## WHAT TO WORK ON
All that is needed is an exact repetition of the lines from the one containing "Freddy Cerdeira - Cloudy seas" through the final line of the material, without pictures.

BEGIN

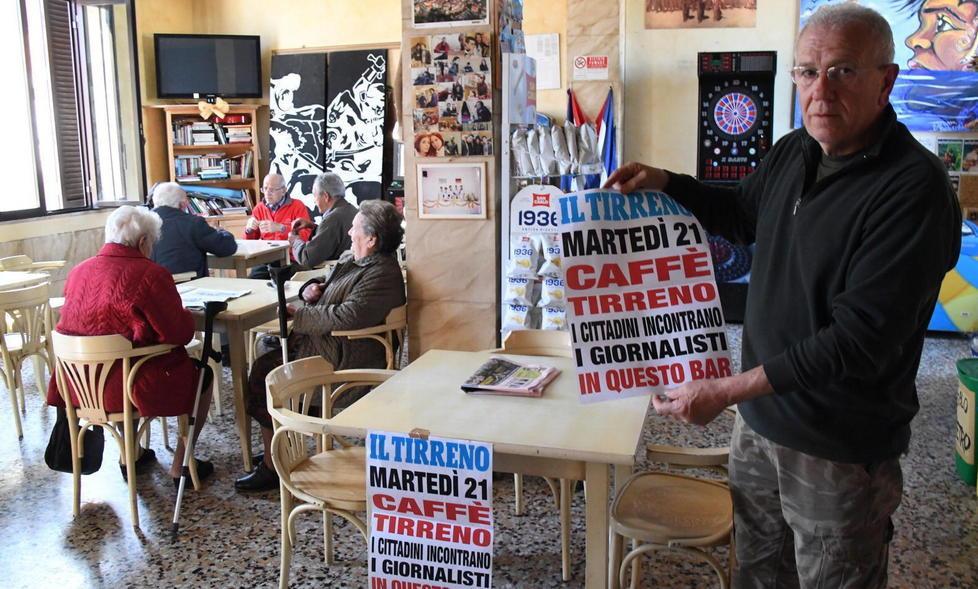 “Caffè Tirreno” sbarca a La Rotta 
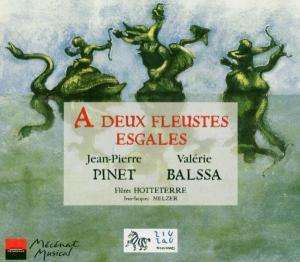 A deux fleustes esgales - Valerie Balssa, Jean-Pierre Pinet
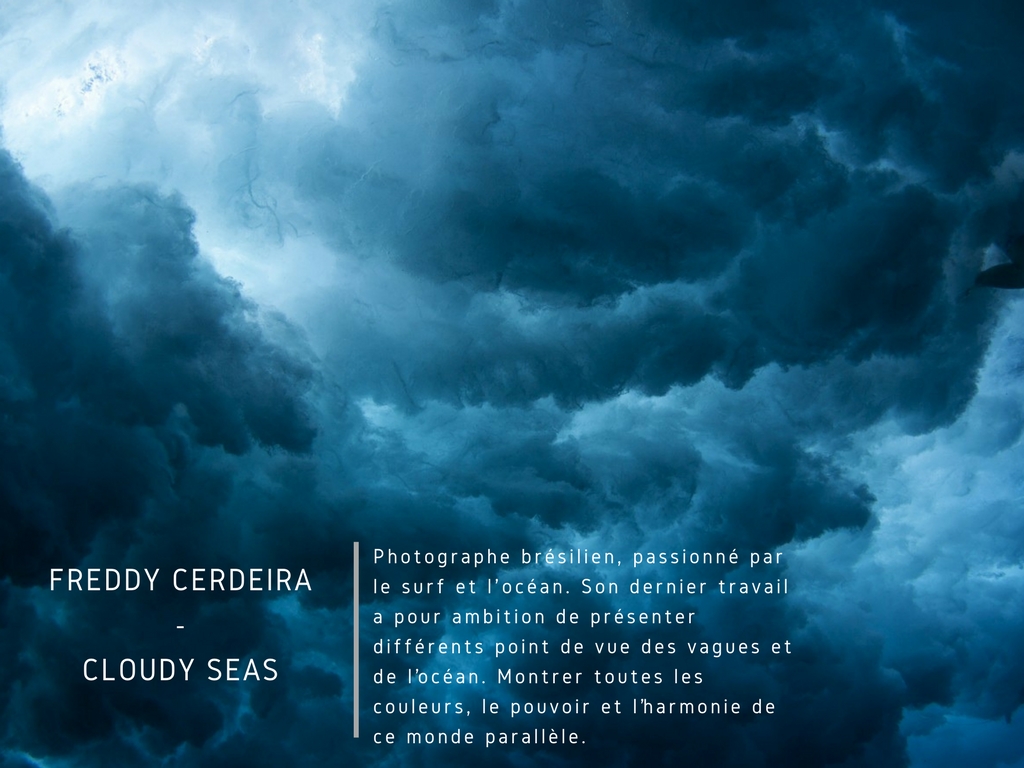 Freddy Cerdeira - Cloudy seas 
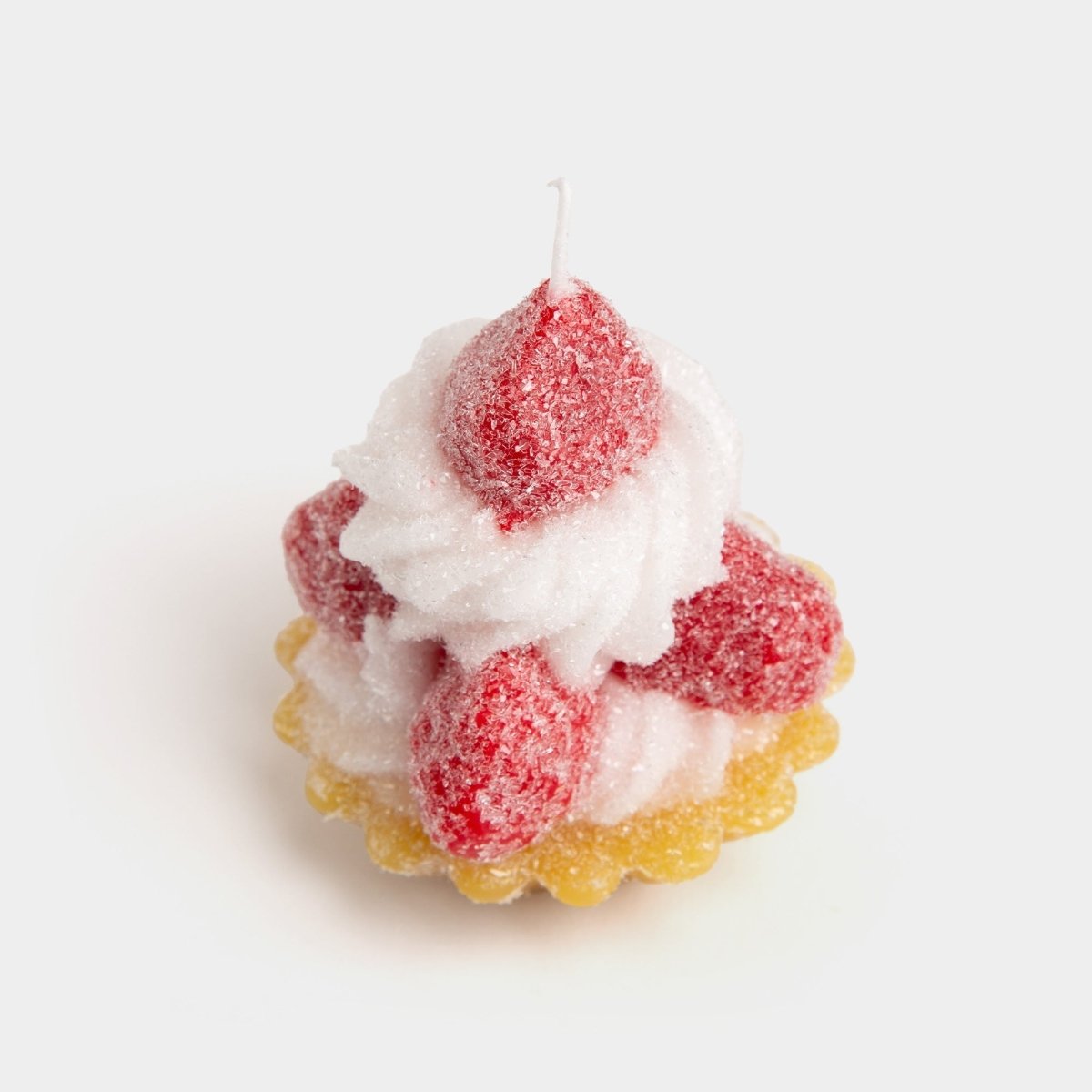 54Celsius Buon Appetito Tiered Red Cake Sculpture Candle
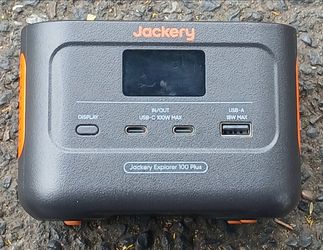 Jackery power bank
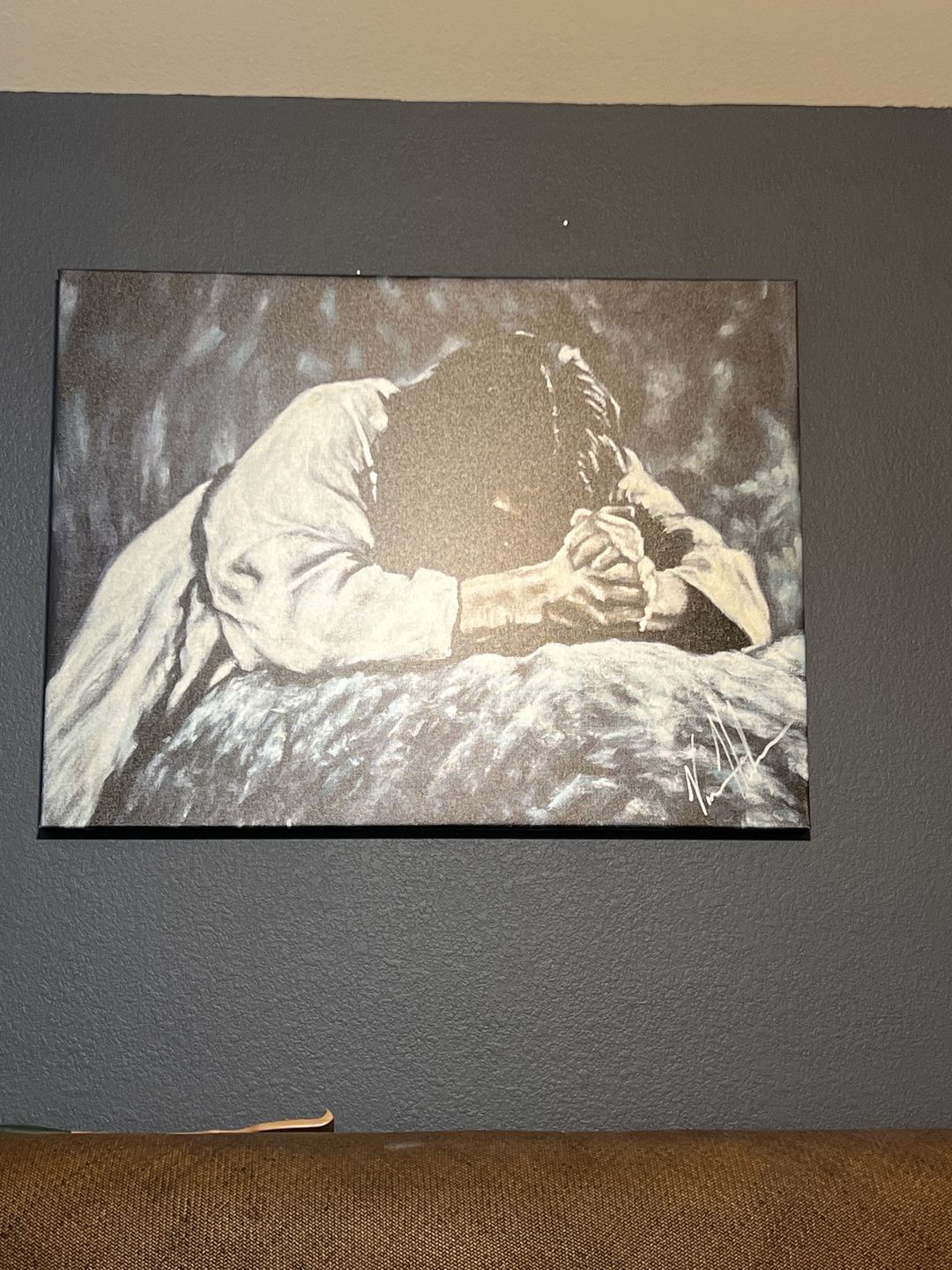 Customer photo review of Thy Will Be Done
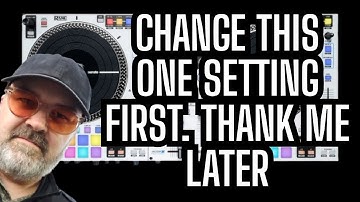 Rane One MK II - You Need to Adjust This !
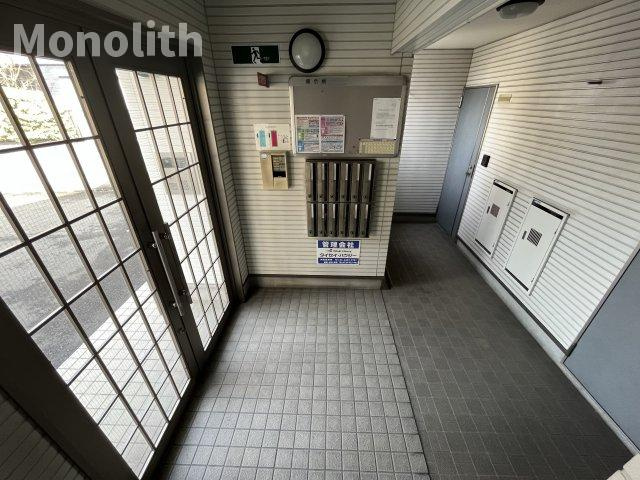アンジェリーク府中のエントランス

END

## WRITTEN REPLY
 Freddy Cerdeira - Cloudy seas 
 54Celsius Buon Appetito Tiered Red Cake Sculpture Candle
 Jackery power bank
 Customer photo review of Thy Will Be Done
 Rane One MK II - You Need to Adjust This !
アンジェリーク府中のエントランス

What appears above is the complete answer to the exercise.